Former prosecutor turned talk show host Nancy Grace is unapologetic about her aggressive approach to a mother who committed suicide after an interview about the woman's missing son.
Twenty-one year-old Melinda Duckett was the mother of 2-year-old Trenton Duckett, who has been missing since Aug. 27.
Grace interviewed Duckett over the phone on Sept. 7 as part of a taped segment for Grace's show. Before the interview was over, the talk show host was pounding her desk and demanding, "Where were you? Why aren't you telling us where you were that day?"
One day later, Duckett shot and killed herself just hours before the taped interview aired on CNN Headline News.
In an exclusive interview with "Good Morning America" today, Grace said that she takes no responsibility for Duckett's suicide.
"If anything, I would suggest that guilt made her commit suicide," Grace told ABC News' Chris Cuomo.
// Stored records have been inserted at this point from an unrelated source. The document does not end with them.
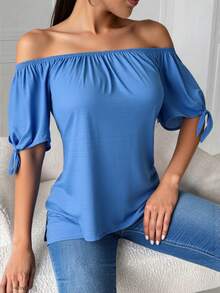 Blusa escote hombros descubiertos mangas lazo - Azul - Ver 2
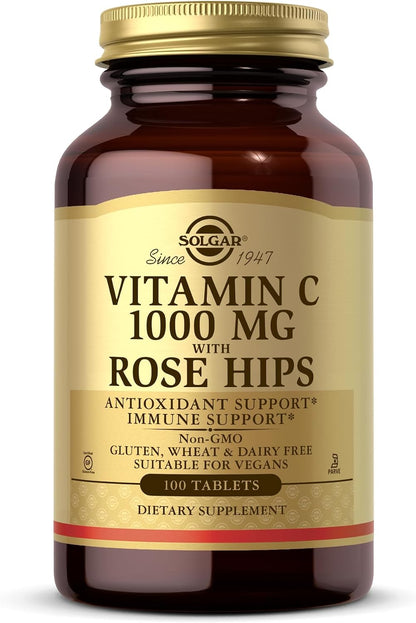 Solgar Vitamin C 1000 mg with Rose Hips – Antioxidant & Immune Support – 100 Tablets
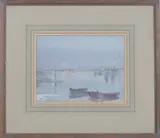 Francis Russell Flint, Moonlit Harbour Scene, watercolour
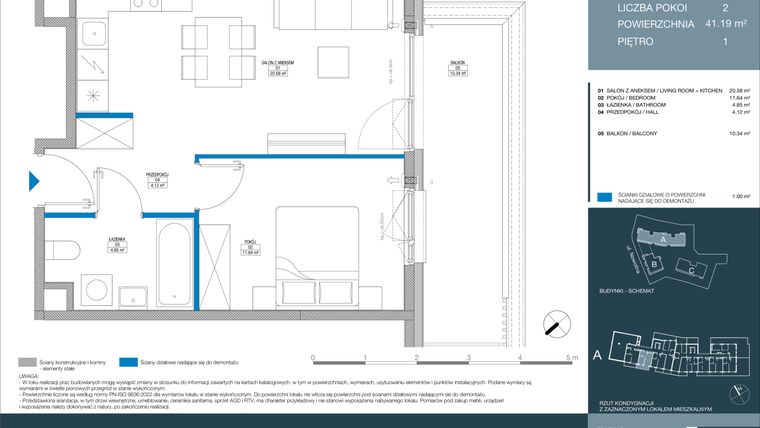 Rzut - Mieszkanie na sprzedaż 2 pokoje o powierzchni 41,18 m² - numer A.1.2.3 w Meri Apartamenty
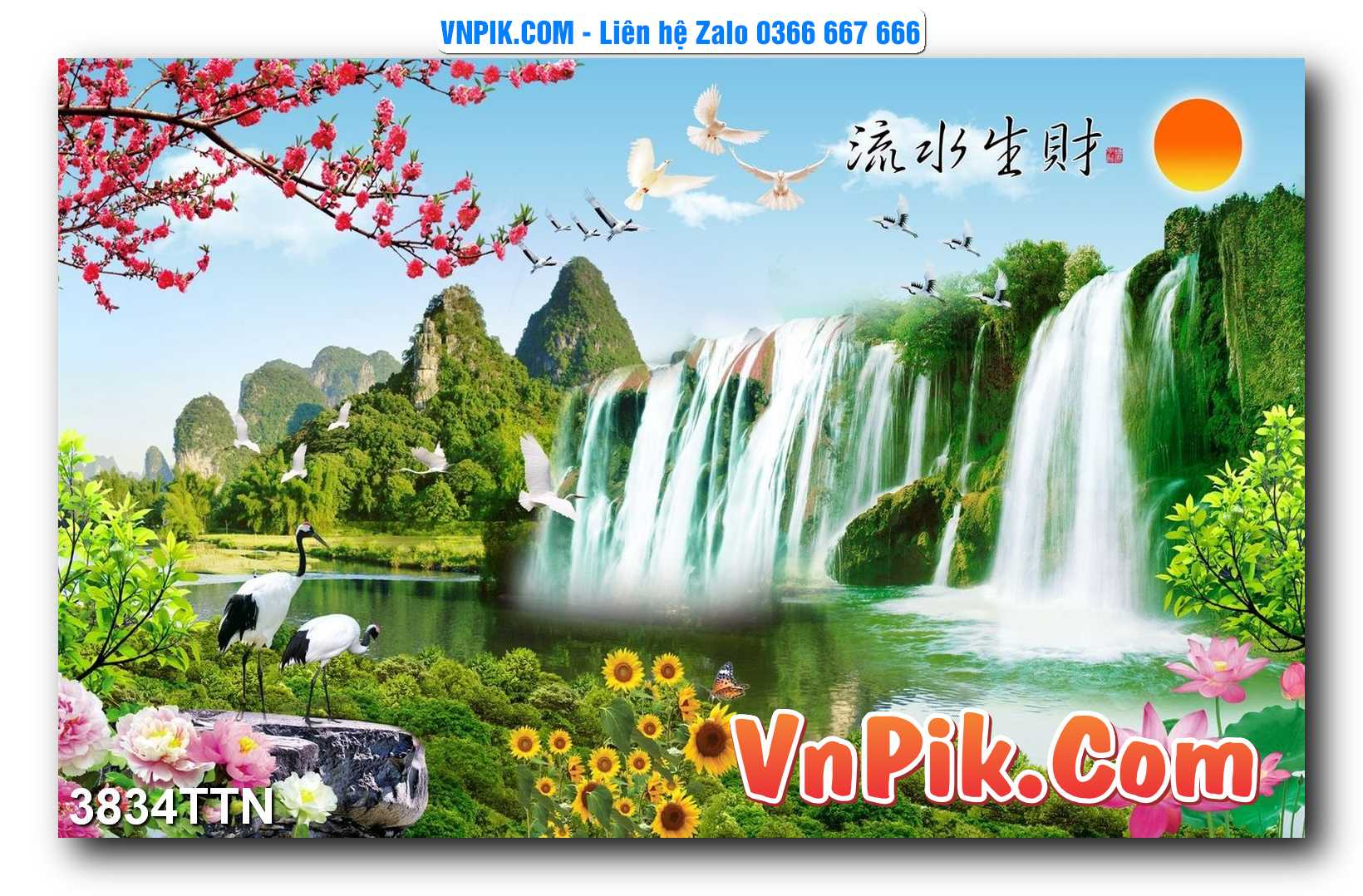 Tranh thác nước – Tranh phong thủy – Tranh treo tường mã 3834TTN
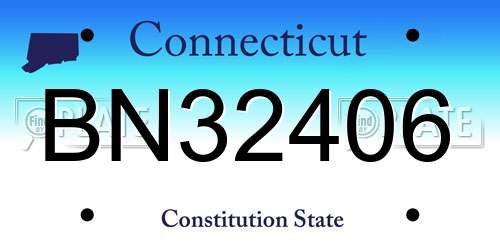 BN32406 Connecticut License Plate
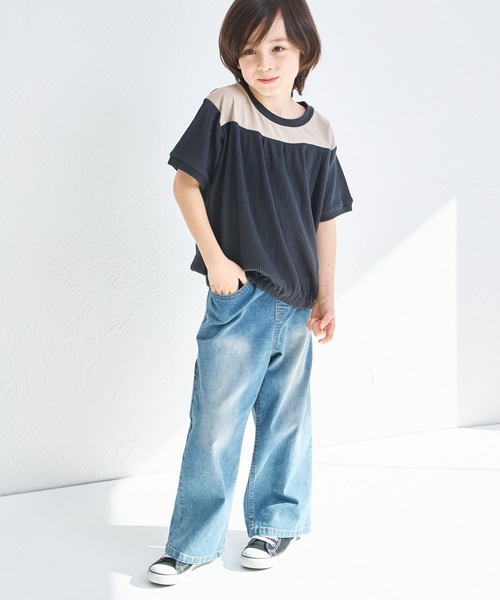 pairmanon(ペアマノン)の「ペインター ワイドデニムパンツ(デニムパンツ・キッズ・インディゴブルー/ライトブルー/ブルー・100/110/120/130/140/150/90)」の9枚目の写真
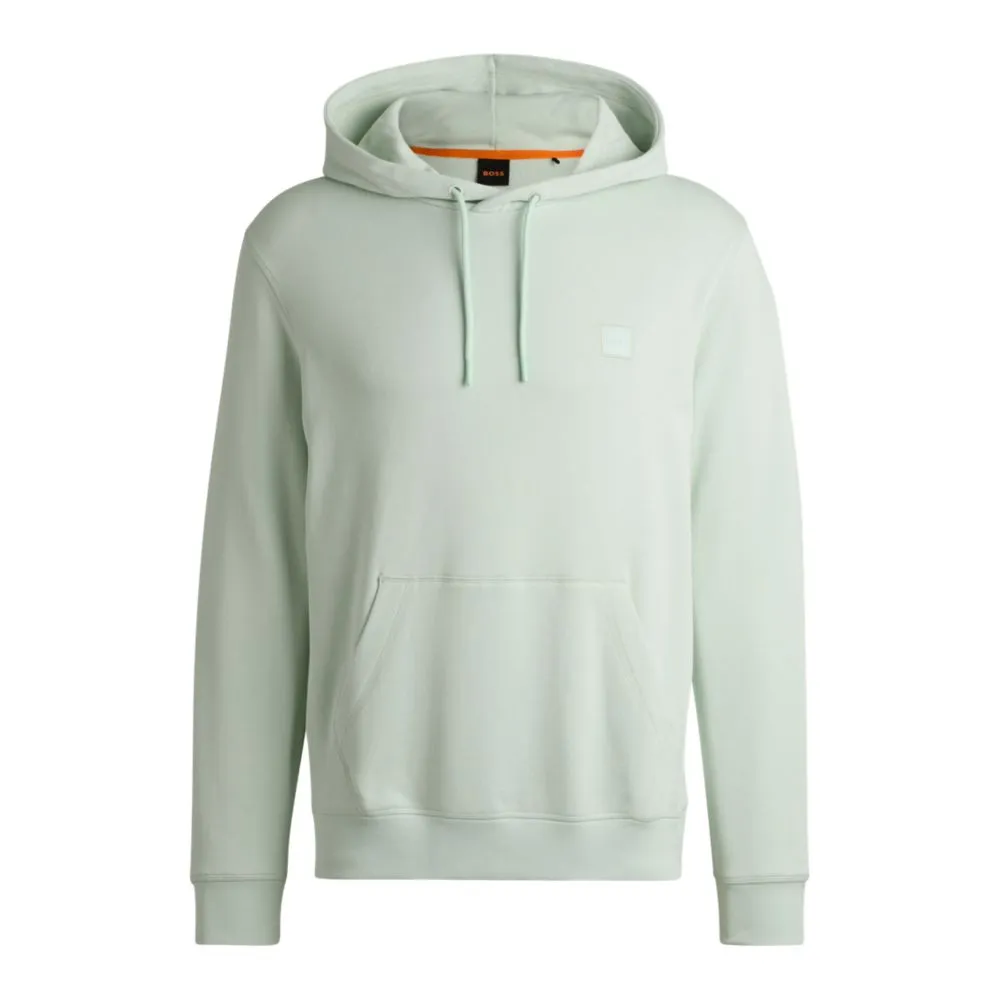 Regular-fit hoodie in cotton terry with logo patch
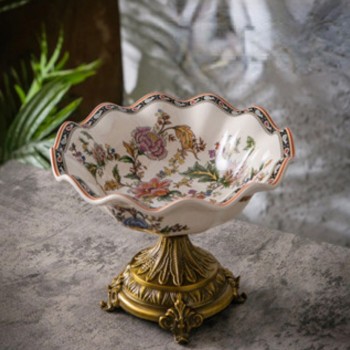 صحن  تقديم للفواكه  فاخر بقاعده  بتصميم الروبي انيق من سيراميك- 5032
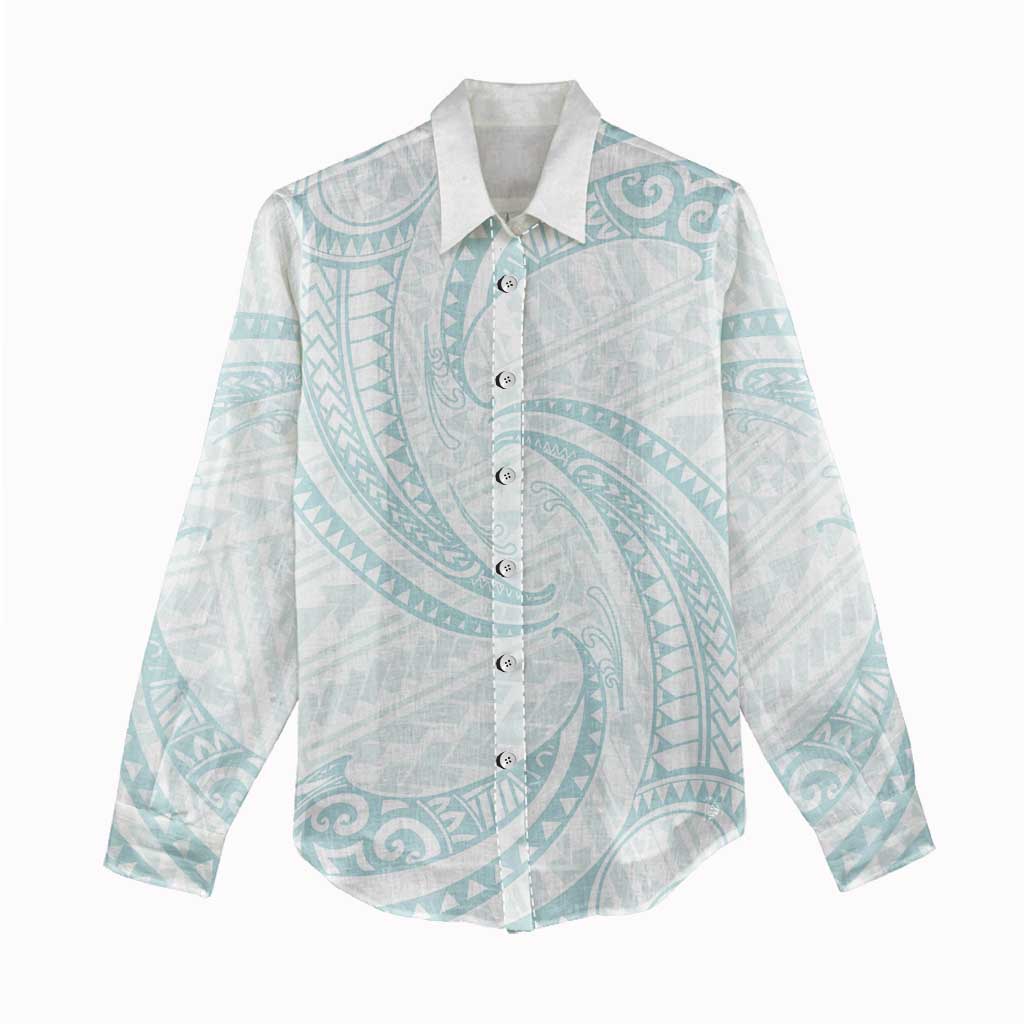 White Sunday Lotu Tamaiti Women Casual Shirt Polynesian Wave Pastel Cyan LT9 - Polynesian Pride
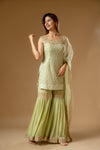 Pista Georgette Readymade Sharara Set With Net Dupatta
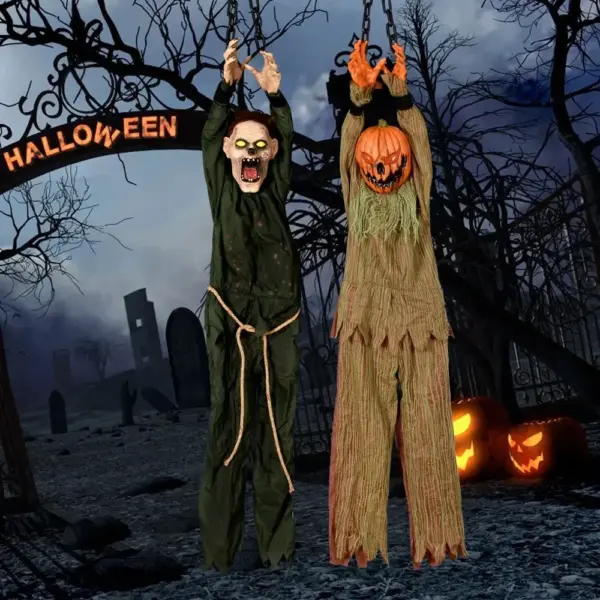 Halloween Hanging Pumpkin Head with Scary Sounds – Spooky Fabric Decor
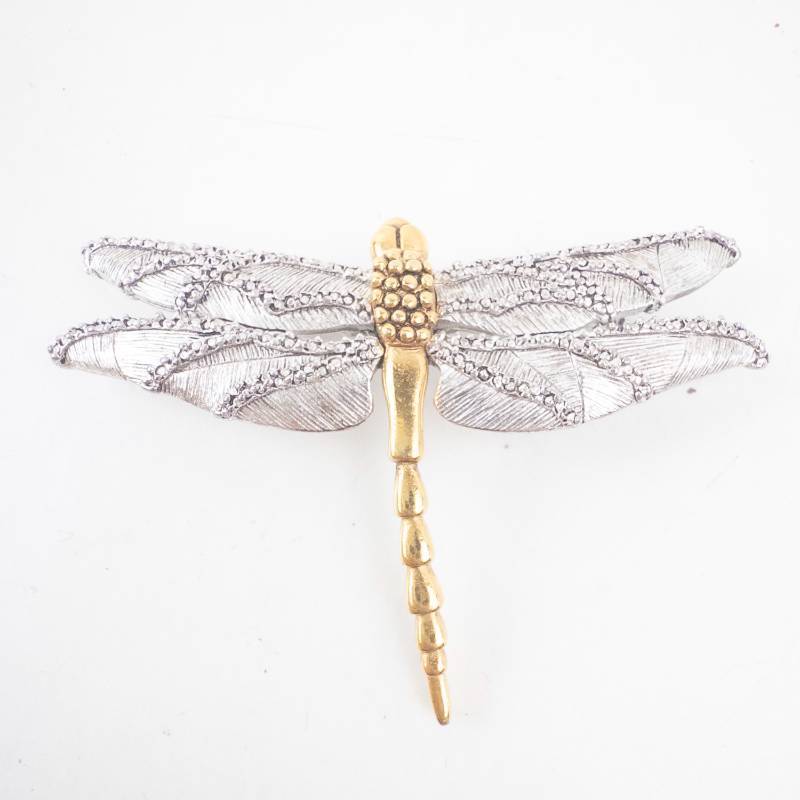 lot 177 image: Dragonfly Brooch Pin - Silver Wings, Gold-Tone Body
"To suggest that a 15 or 20 minute interview can cause someone to commit suicide is focusing on the wrong thing," she said.
Melinda Duckett reported her son missing from their Leesburg, Fla., home on Aug. 27. She said he disappeared from his crib while she watched a movie on television with friends.
Investigators have stopped short of calling Duckett a suspect but have focused increasing attention on her movements just before the boy vanished. Police have seized notes, a computer, camera and other items from her home.
Duckett's family members disputed any suggestion that she hurt her son. They said that the strain of her son's disappearance pushed her to the brink, and the media sent her over the edge.
"Nancy Grace and the others, they just bashed her to the end," Duckett's grandfather Bill Eubank told the Associate Press Tuesday.
Some media analysts agree, saying Grace's interview went too far.
"How is that questioning doing anything but making a person in a desperate situation feeling even more desperate?" said Hub Brown, a professor at Syracuse University's Newhouse School of Communications.
Grace, however, insists her line of questioning was reasonable.
"Long story short, Trenton Duckett is still missing," she said on "Good Morning America." "And now police are agreeing with me."
Grace said that Duckett would not provide a timeline for her whereabouts in the 24 hours before her son's disappearance.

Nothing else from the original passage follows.